Please consider following table
Table Name: mytable
model_id | event_name | time_of_event |
---|---|---|
9 | CREATE | 2016-01-01 00:00:00 |
9 | UPDATE | 2016-01-01 01:00:00 |
9 | DELETE | 2016-01-01 02:00:00 |
3 | CREATE | 2016-01-01 03:00:00 DUPLICATE |
3 | CREATE | 2016-01-01 03:00:00 DUPLICATE delete this |
3 | DELETE | 2016-01-01 04:00:00 |
How to delete 5th entry from above table i.e. delete row with exactly same value from table. In above example no column is unique.
Please keep in mind that database could be huge and I don't want to recreate or republish data with distinct values into the table.
// Use below code to create above example
CREATE TABLE mytable(
model_id integer,
event_name varchar(7),
time_of_event timestamp
);
INSERT INTO mytable
(model_id, event_name, time_of_event)
VALUES
(9, 'CREATE', '2016-01-01 00:00:00'),
(9, 'UPDATE', '2016-01-01 01:00:00'),
(9, 'DELETE', '2016-01-01 02:00:00'),
(3, 'CREATE', '2016-01-01 03:00:00'),
(3, 'CREATE', '2016-01-01 03:00:00'),
(3, 'DELETE', '2016-01-01 04:00:00');
SELECT * FROM mytable;
CodePudding user response:
Having two or more rows with identical values is a sign of very bad design. I suppose model_id
is the table's primary key. I wonder how did you end up in this situation.
I don't want to recreate or republish data with distinct values into the table.
One possible solution is to add (not recreate/republish) a column with unique values to your table, then delete the duplicate rows you want.
ALTER TABLE mytable ADD COLUMN MyTableID INT;
You need to fill this column with unique values:
SET @i := 0;
UPDATE MyTable SET MyTableID = @i:=(@i 1) WHERE 1=1;
Next, you can write the following query:
SELECT
MT.MyTableID, MT.model_id, MT.event_name, MT.time_of_event
FROM
MyTable MT,
(SELECT model_id, event_name, time_of_event, COUNT(*)
FROM MyTable
GROUP BY model_id, event_name, time_of_event
HAVING COUNT(*) > 1
) TmpTable
WHERE
MT.model_id = TmpTable.model_id
AND MT.event_name = TmpTable.event_name
AND MT.time_of_event = TmpTable.time_of_event
;
Result:
MyTableID | model_id | event_name | time_of_event |
---|---|---|---|
4 | 3 | CREATE | 2016-01-01 03:00:00 |
5 | 3 | CREATE | 2016-01-01 03:00:00 |
You can now proceed with the deletion of duplicate rows:
DELETE FROM MyTable WHERE MyTableID IN (5 /*, the ones you wish */);
If you have too many duplicate values and you can't afford to delete them manually, you can do it like this:
DELETE FROM MyTable WHERE MyTableID IN (/* The previous long query */) LIMIT /* The number of rows of the previous long query - 1 */;
The -1
is to preserve one row of the duplicates.

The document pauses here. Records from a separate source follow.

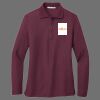 Ladies Silk Touch Long Sleeve Polo Thumbnail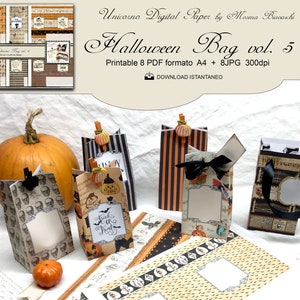 HALLOWEEN BAG. vol. 5, Trick or Treat gift Box printable, instant download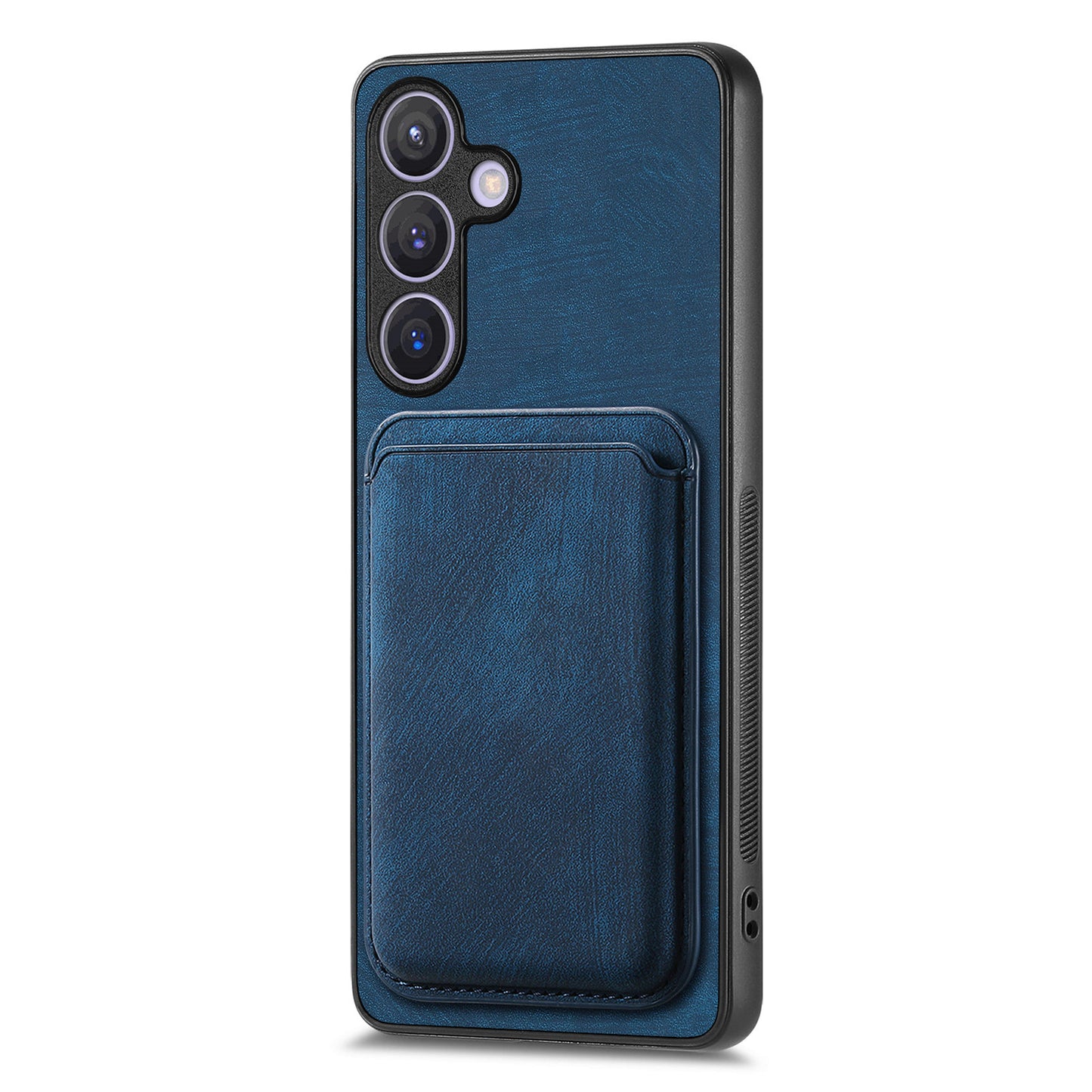 D12 For Samsung Galaxy S24+ Detachable Magnetic Card Case Fall Proof Phone Cover - Blue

If you want to delete them all, remove the LIMIT
clause.
CodePudding user response:
Try with a helper table that contains the duplicates, but only one each:
With this scenario: ...
CREATE TABLE mytable(
model_id integer,event_name VARCHAR(8),time_of_event TIMESTAMP)
;
INSERT INTO mytable
-- your input data ...
SELECT 9,'CREATE',TIMESTAMP '2016-01-01 00:00:00'
UNION ALL SELECT 9,'UPDATE',TIMESTAMP '2016-01-01 01:00:00'
UNION ALL SELECT 9,'DELETE',TIMESTAMP '2016-01-01 02:00:00'
UNION ALL SELECT 3,'CREATE',TIMESTAMP '2016-01-01 03:00:00'
UNION ALL SELECT 3,'CREATE',TIMESTAMP '2016-01-01 03:00:00'
UNION ALL SELECT 3,'DELETE',TIMESTAMP '2016-01-01 04:00:00'
;
Create your helper table like so:
CREATE TABLE helper AS
SELECT
model_id
, event_name
, time_of_event
FROM mytable
GROUP BY
model_id
, event_name
, time_of_event
HAVING COUNT(*) > 1;
Then, use the helper
table to delete ... you will delete all rows, not only one of the duplicates ...
DELETE FROM mytable
WHERE(model_id,event_name,time_of_event) IN (
SELECT model_id,event_name,time_of_event FROM helper
);
And finally, insert all the rows from the helper
table back in again:
INSERT INTO mytable
SELECT * FROM helper;
COMMIT; -- if your connection is not auto-commit ...
But I'd like to add that, for most database systems, the other approach - to create a new table containing SELECT DISTINCT * FROM old_table
is the faster alternative as soon as we are talking about around 20 to 25 % of the total row count.